Data provided:
....

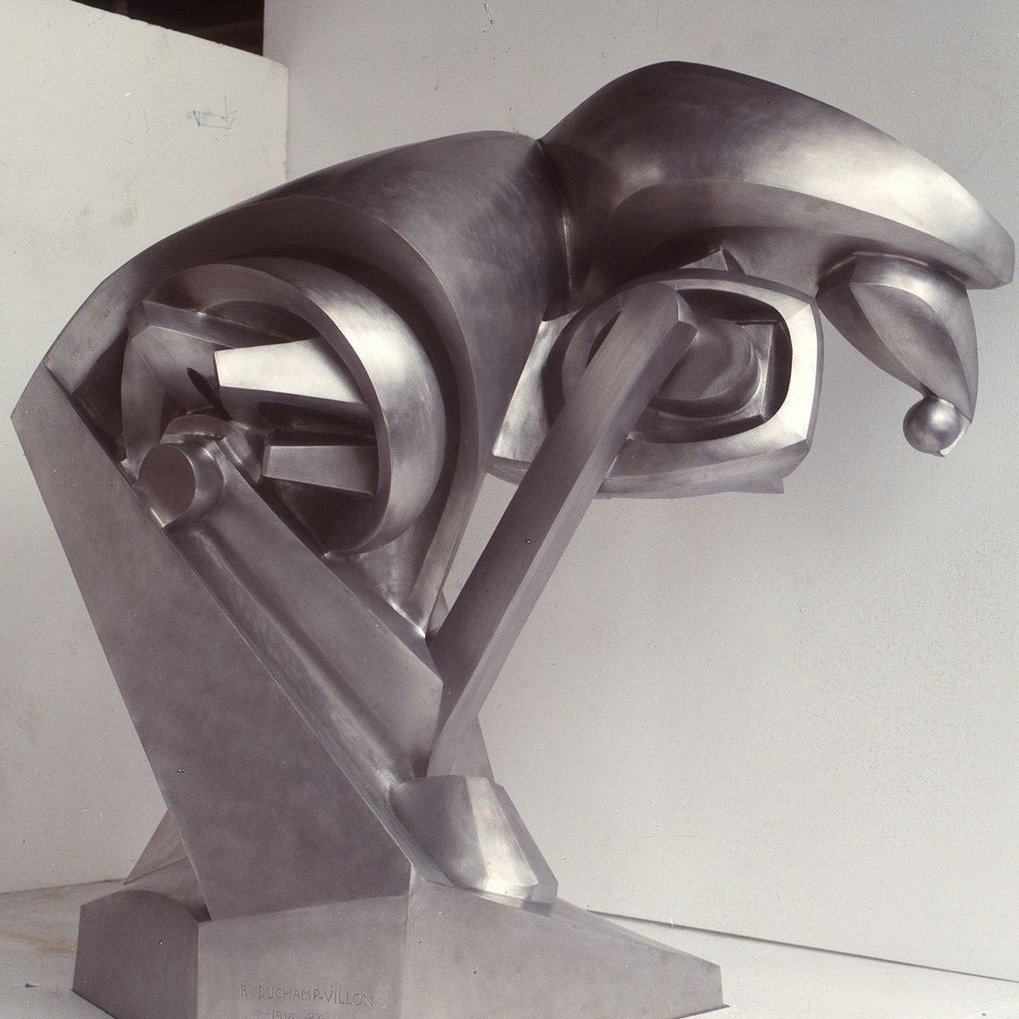 Raymond Duchamp-Villon, Cheval majeur, 1914-1984, modèle en plâtre de 1914, sculpture en acier inoxydable brossé de 1984 © Nancy, Musée des Beaux-Arts, cliché Ville de Nancy © Adagp, Paris, 2018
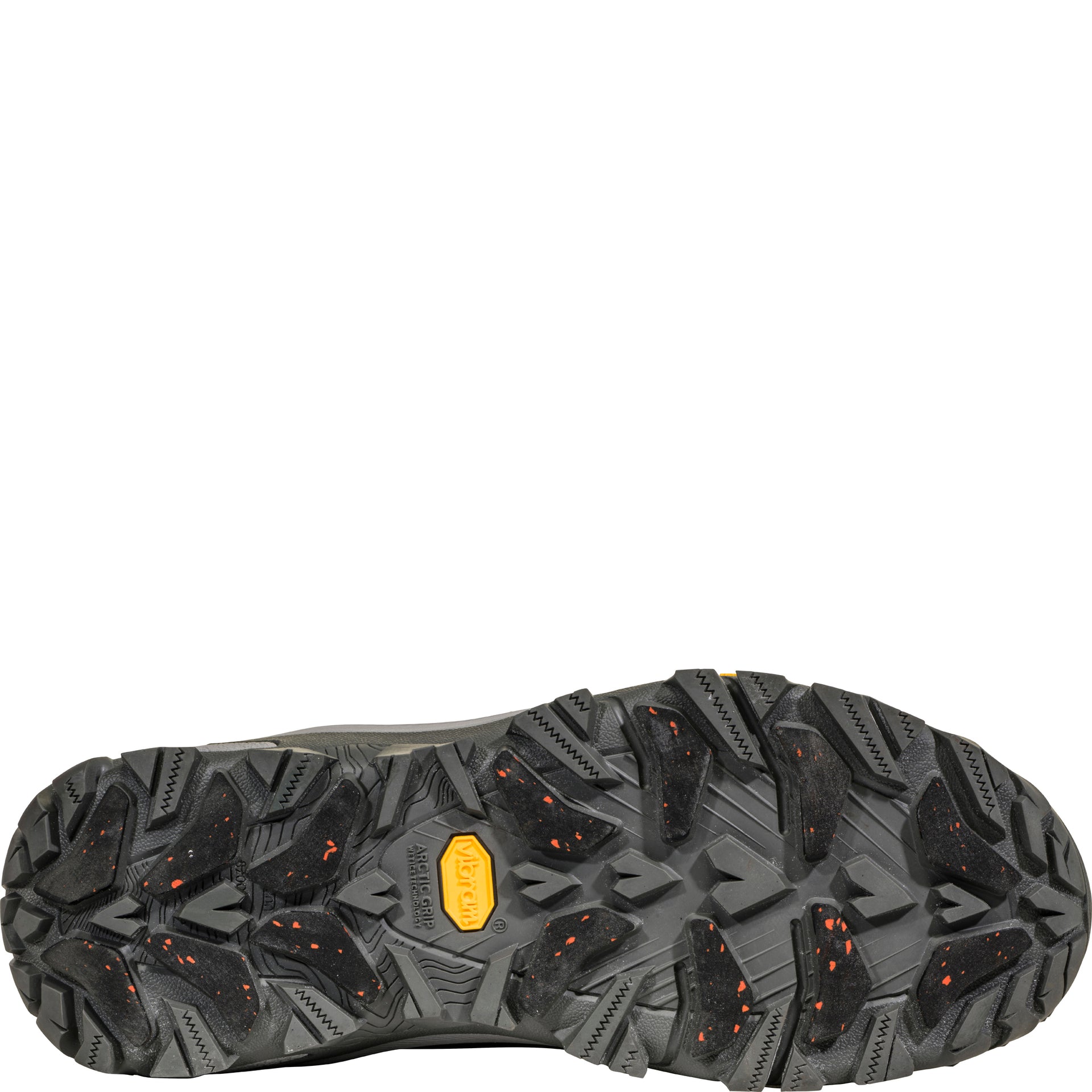 Bottom view of the Bangtail Mid Insulated Waterproof boot showing the Vibram arctic grip outsole for traction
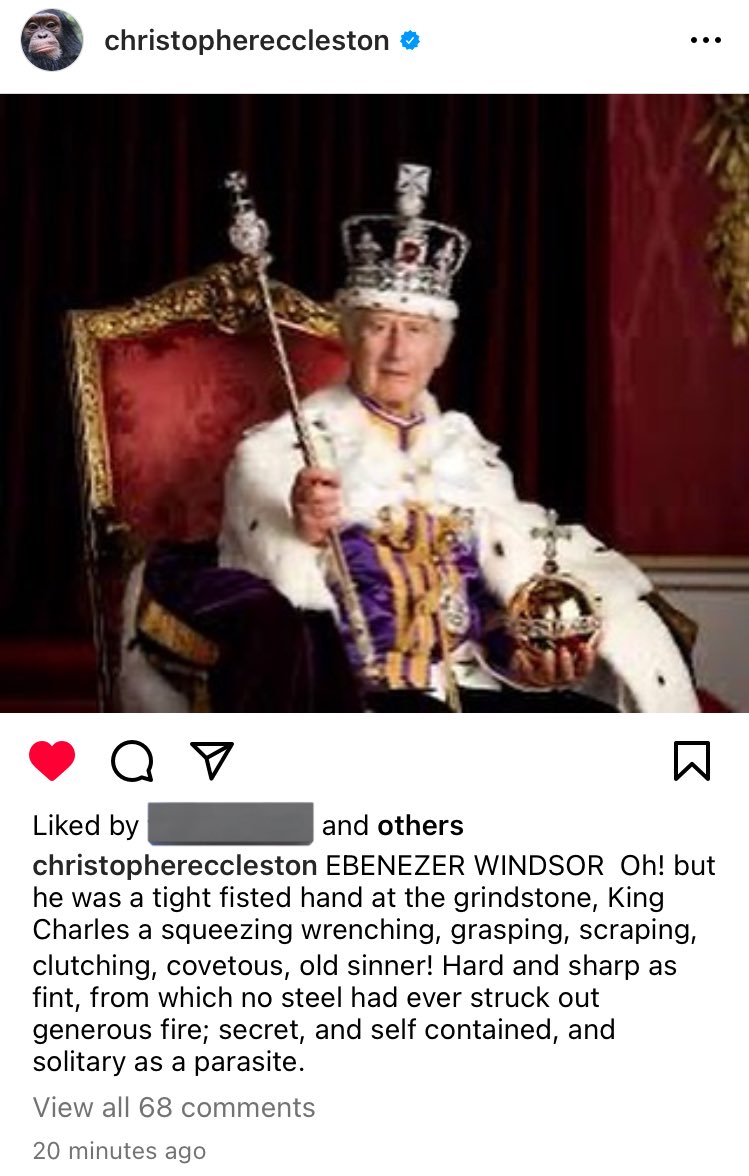 babe wake up christopher eccleston made a new instagram post where he insults the royal family and calls them parasite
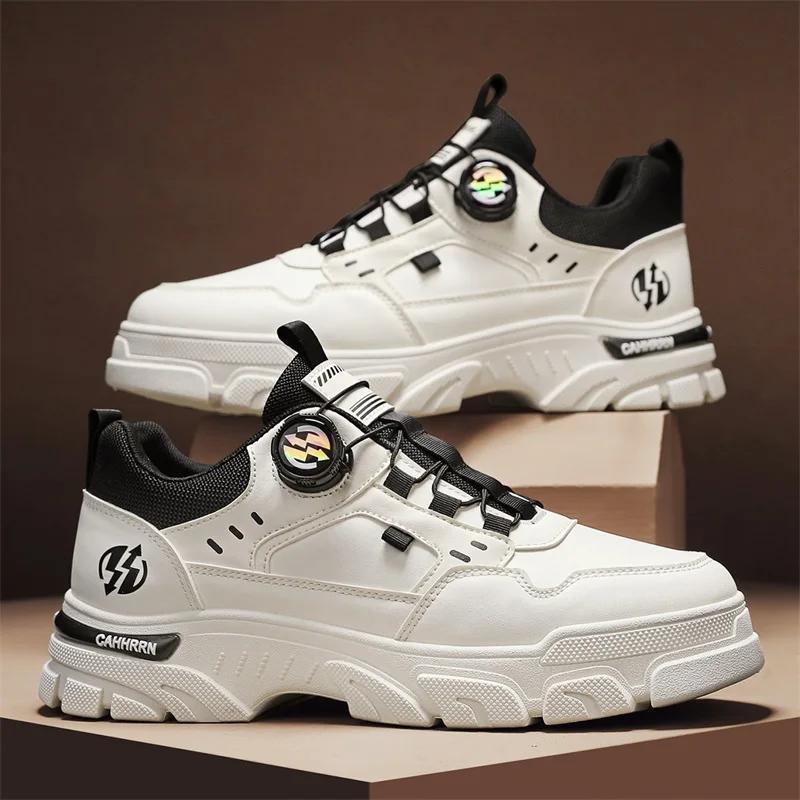 Men's Sneakers Fashion Leather Boots Outdoor Tactical Breathable Boots Hiking Casual Shoes Non-slip Men Ankle Boots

....

Exercise description:
Every line from the start of the material through the line containing "Bottom view of" is needed exactly as written; the pictures are not.

Solution for this problem:
 Raymond Duchamp-Villon, Cheval majeur, 1914-1984, modèle en plâtre de 1914, sculpture en acier inoxydable brossé de 1984 © Nancy, Musée des Beaux-Arts, cliché Ville de Nancy © Adagp, Paris, 2018
 Bottom view of the Bangtail Mid Insulated Waterproof boot showing the Vibram arctic grip outsole for traction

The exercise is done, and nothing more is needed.